“You know I’m so glad bulking season is over, I finally get to start cutting!” Said no gym goer ever!
I don’t do cutting, mostly because it’s one of the least enjoyable things at can be done in relation to the gym. Sure, there is the struggle with lifting weights and the soreness and stiffness that come the day after and even the long trudging stretches of time in the cardio section, but with all of these I feel good after with a great sense of achievement and a flood of enorphins. When it comes to cutting I just feel crap, and hungry, and tired and just plain miserable. Beyond this however, my mental health starts to deteriorate.

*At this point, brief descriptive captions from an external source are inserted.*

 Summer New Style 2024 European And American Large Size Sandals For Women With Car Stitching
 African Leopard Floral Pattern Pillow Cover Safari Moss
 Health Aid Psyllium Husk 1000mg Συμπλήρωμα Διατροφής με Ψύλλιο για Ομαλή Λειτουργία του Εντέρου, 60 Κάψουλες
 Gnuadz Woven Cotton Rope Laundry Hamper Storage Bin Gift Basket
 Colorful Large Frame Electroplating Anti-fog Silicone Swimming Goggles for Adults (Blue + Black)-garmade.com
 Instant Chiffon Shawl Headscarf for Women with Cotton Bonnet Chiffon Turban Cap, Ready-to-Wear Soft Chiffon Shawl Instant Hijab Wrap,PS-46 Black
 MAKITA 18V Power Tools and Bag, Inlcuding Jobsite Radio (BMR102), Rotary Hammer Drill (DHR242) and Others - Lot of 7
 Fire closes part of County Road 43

Spending a stretch of time starving myself to the point where my body has to dig into its fat reserves are never fun. I’m just constantly tired and hungry, so very hungry. My sex drive goes, my ability to concentrate goes but beyond that my mental health suffers. It starts with me feeling ratty and short tempered. I begin to see my body in a negative light and start measuring my waist all the time. I start to feel horrible about myself and hate how my body is. This is the biggest thing that makes cutting repellent to me.

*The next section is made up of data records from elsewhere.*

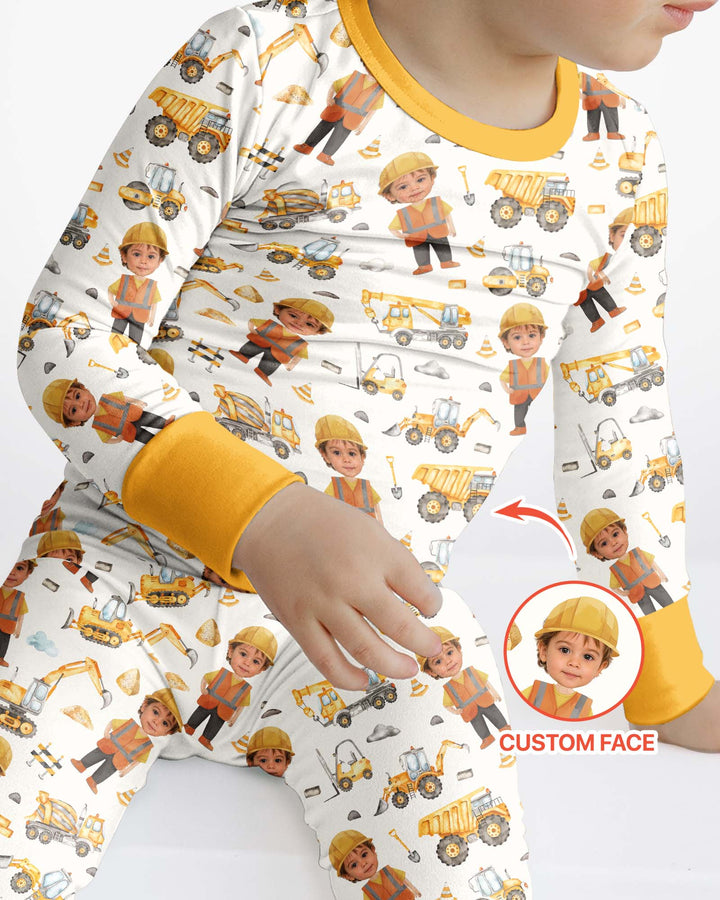 Custom Photo Little Builder Bamboo Two Piece Long Sleeve Pajama Set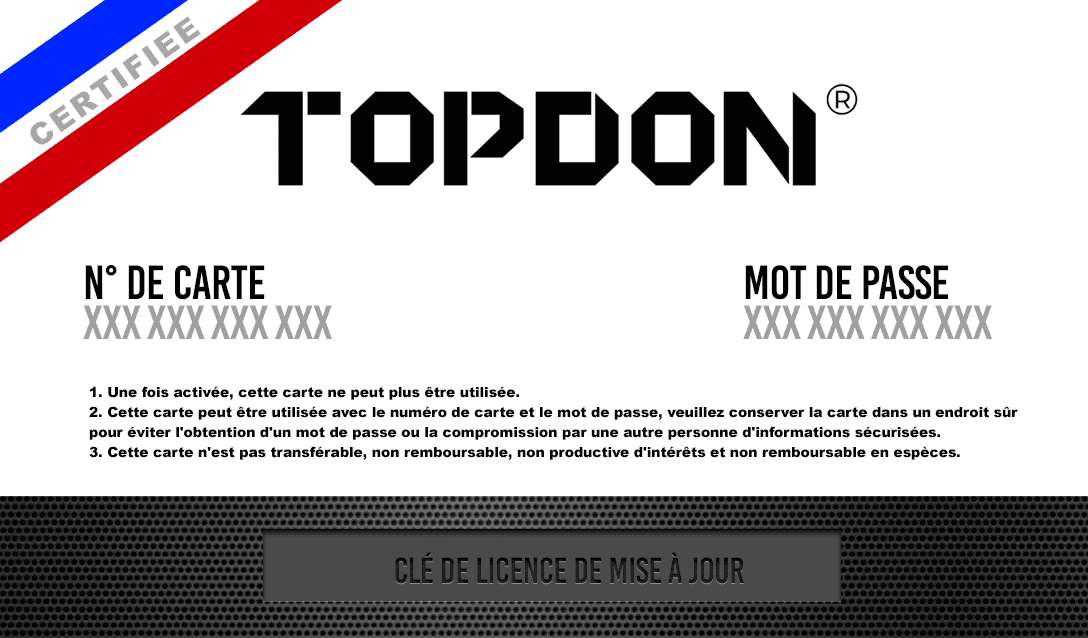 Licence de mise à jour TOPDON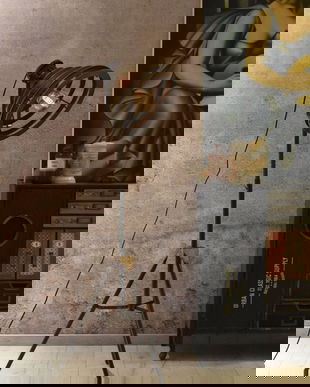 Lampa industriala de podea cu un picior gen trepied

Since starting back at the gym four years ago my relationship with my body has completely changed. I feel I relate to my body in a much more positive way, I have gained a greater understanding of how it works and I don’t feel powerless against it. That may seem a weird thing to say, that I felt subjugated by my body, but I did. It seemed like my weight and body shape were things I was trapped by. My skinny arms were something forced on me and I couldn’t change that. If I became fatter or thinner, it was because of reasons I didn’t understand and so felt dragged along by my body for the ride. Now I know I can affect change on my body. I know how my activities and eating patterns affect it. If my body starts to go in a direction I don’t want, I can just change my behaviour and my body will respond. This feeling of control over my own self has improved my body image to no end. I now like my body, not for what it has changed into, but because it isn’t something that makes me feel bad about. Its part of me, not something forced onto me. Sure there are goals I have set to achieve in terms of body shape but I’m happy with where I’m starting from.

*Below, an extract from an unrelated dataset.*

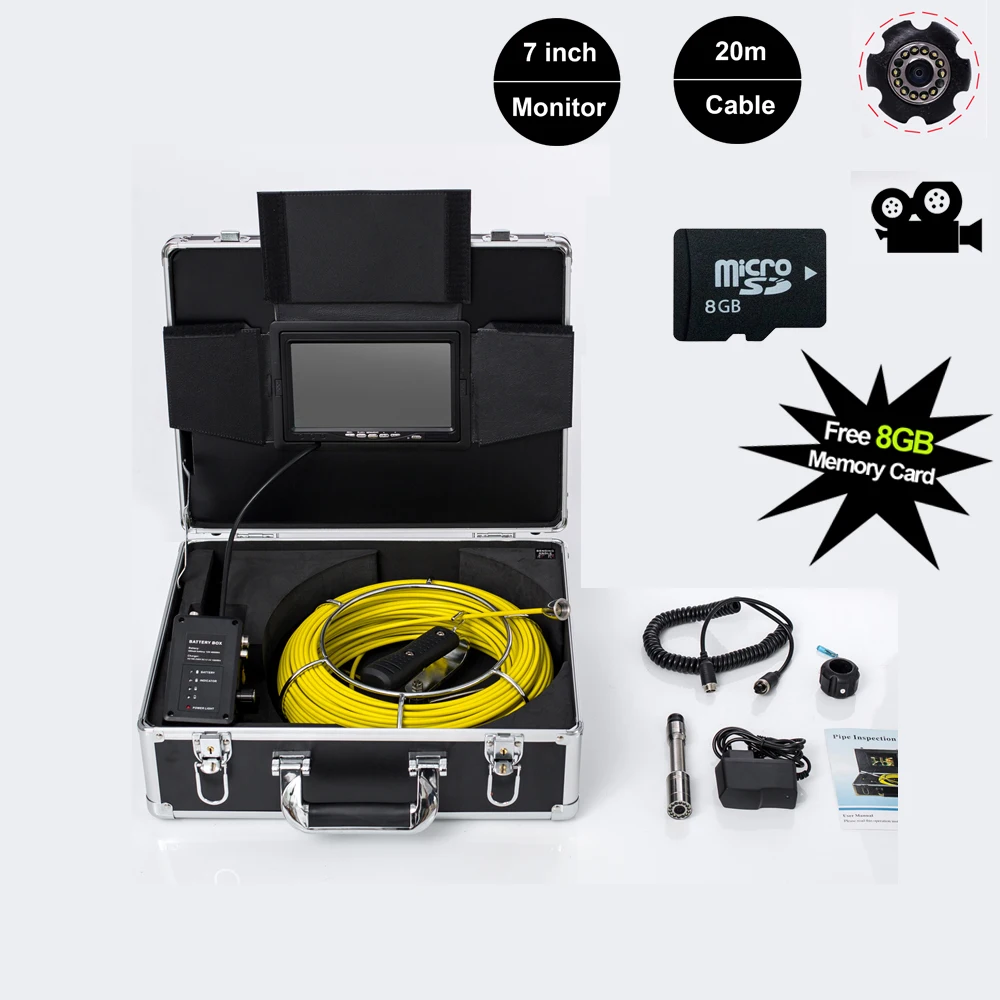 

1000TVL 23mm Lens Industrial Endoscope 20M Fiberglass Cable Drain Sewer Pipeline Inspection Camera System 7"LCD Built-in DVR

This all seems to go out the window when cutting.
The wearing down of my mental health probably has a lot to do with this. Being miserable and tired for so long won’t do anyone any good, but then further combined with fighting against an appetite that I often loose against and lack of easy progress means that old feeling of my body being an object I am forced to deal with, rather part of me, rears its ugly head.
Being a cub helps a lot with it, as I don’t feel any social pressure to strive for the classic gay mans abs when I can have a rubable belly instead (well most of the time, going to Hampstead heath pond and sitting in a large group of topless gay men all with abs in speedos) so if I feel my bellies getting beyond my comfort zone I just start clean bulking and do a bit more cardio, which is normally enough to bring things back to where I want them.